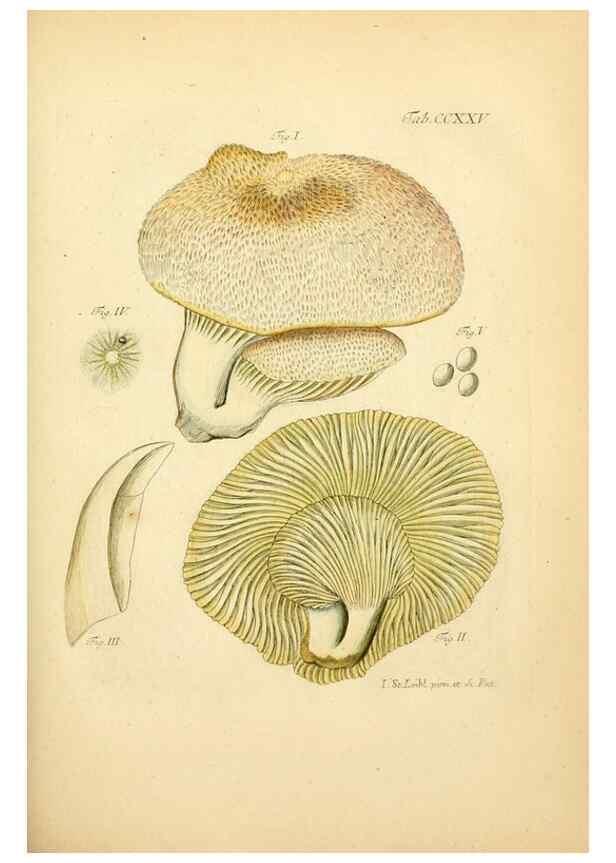 Reproducción/Reproduction 10314525904: Fungorum qui in Bavaria et Palatinatu circa Ratisbonam nascuntur icones, nativis coloribus expressae.. Erlangae,Apud J.J. Palmium,1800.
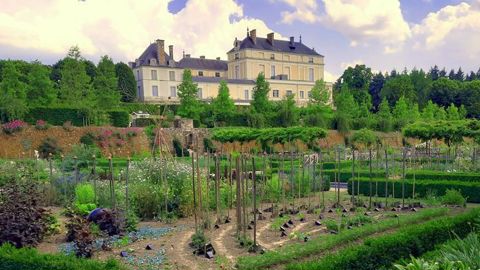 Fin août, le distributeur de semences et plants A. Ducrettet ouvrira les portes du château Colbert à Maulévrier (49) pour découvrir ses essais de potagères horticoles Les Toqués®  et sa gamme de fleurs pour la saison 2022. ©A. Ducrettet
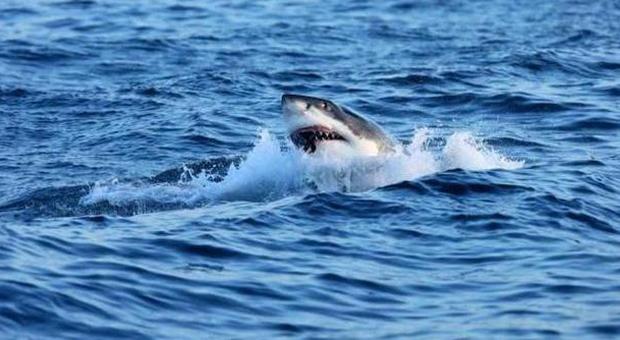 Australia, fa il bagno ma viene attaccato e ucciso da uno squalo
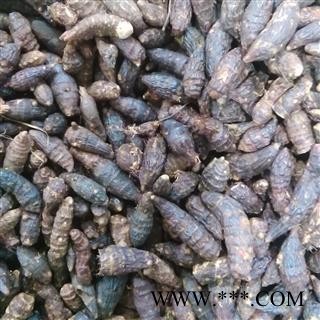 香附个 好统货 产地 山东省枣庄市薛城区 大货批发价图2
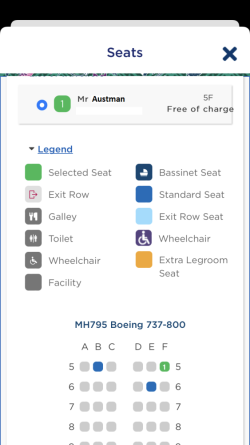 MH 737 Y old.PNG MH 737 Y old.PNG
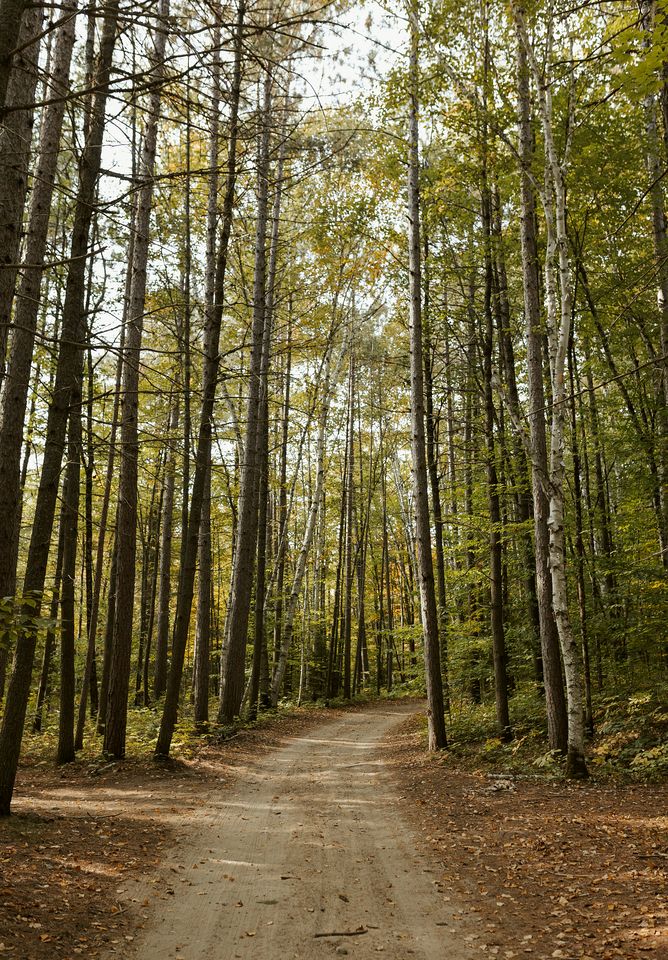 Incredible Dome Surrounded by Trees and Fantastic Vistas in Petawawa, Ontario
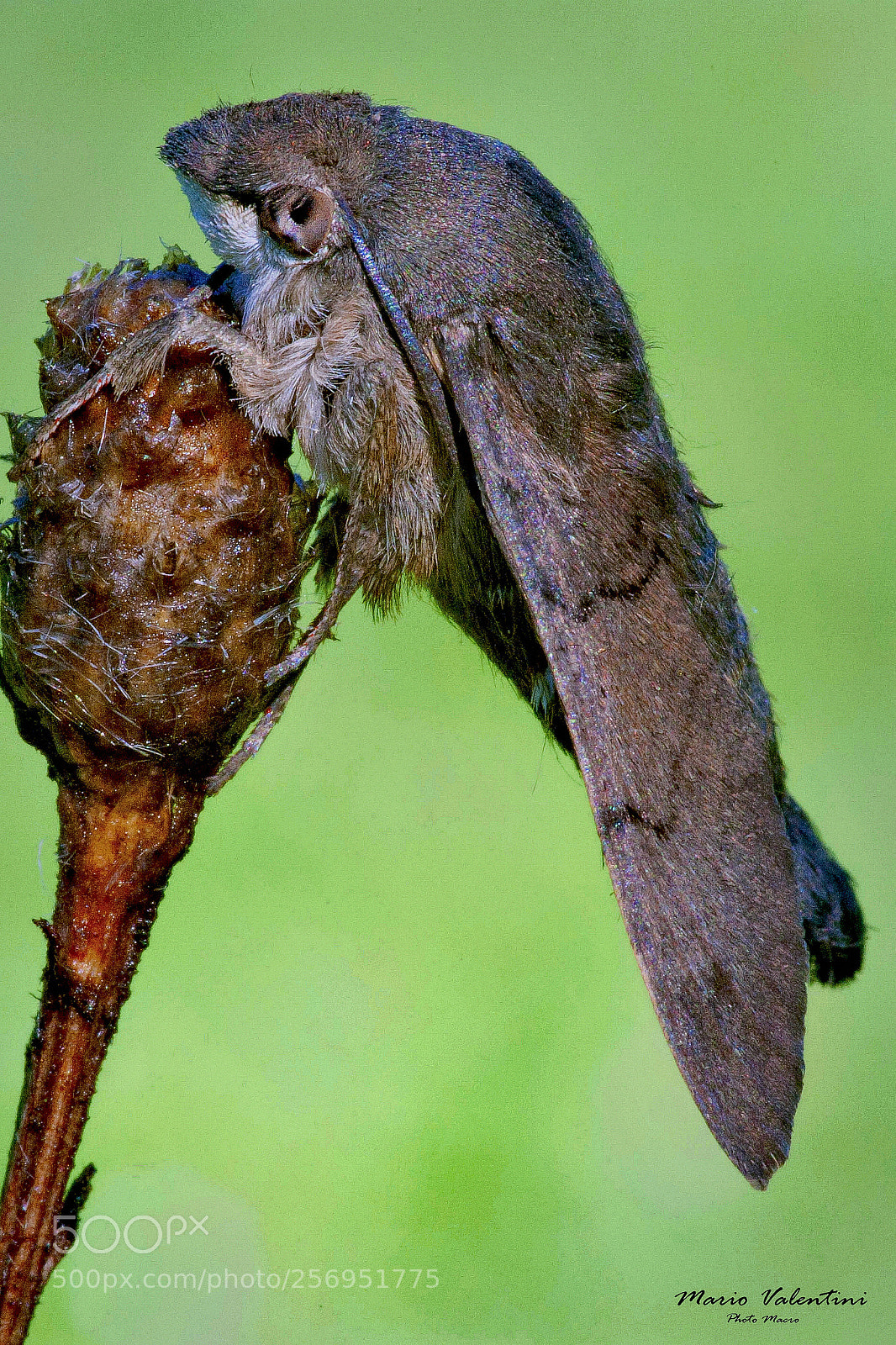 Nikon D700 sample photo. Macroglossum stellatarum italy. photography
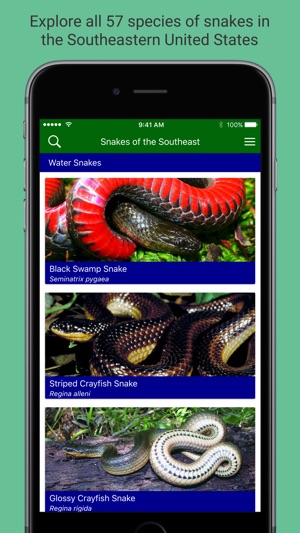 Snakes of the Southeast(圖1)-速報App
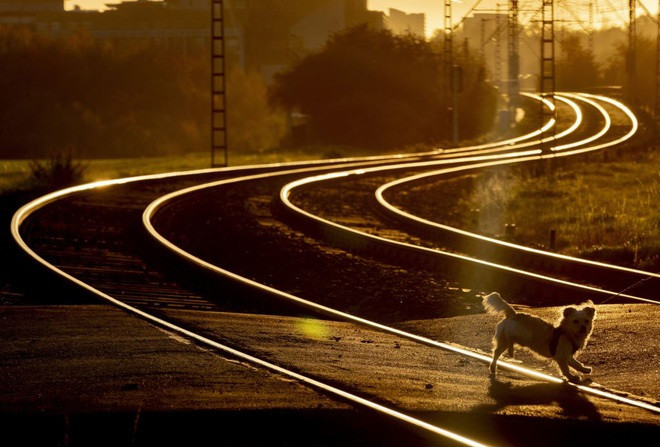 Ảnh động vật: Cảnh tượng 6.000 con ngỗng cùng ăn một lúc - Hình 12 Anh dong vat: Canh tuong 6.000 con ngong cung an mot luc-Hinh-12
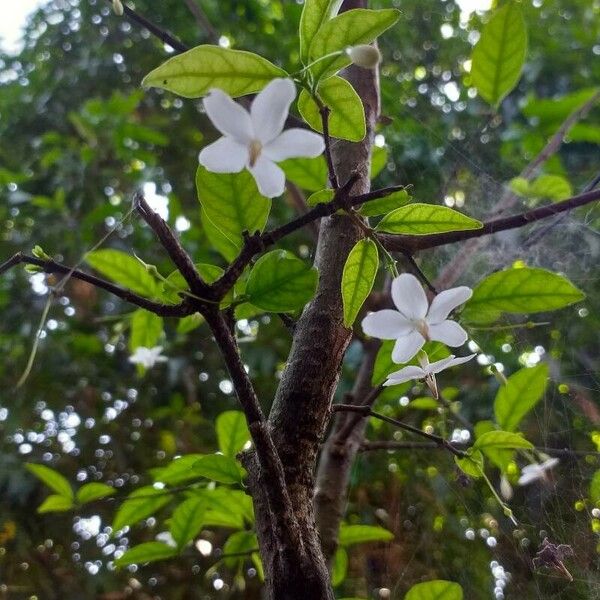 Wrightia religiosa Цвят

---------------

| EXERCISE OBJECTIVE |
The expected output is exactly the lines from the one containing "Nikon D700 sample" through the last line of the listing, both included, with every picture left out.

| WRITTEN SOLUTION |
 Nikon D700 sample photo. Macroglossum stellatarum italy. photography
 Snakes of the Southeast(圖1)-速報App
 Ảnh động vật: Cảnh tượng 6.000 con ngỗng cùng ăn một lúc - Hình 12 Anh dong vat: Canh tuong 6.000 con ngong cung an mot luc-Hinh-12
 Wrightia religiosa Цвят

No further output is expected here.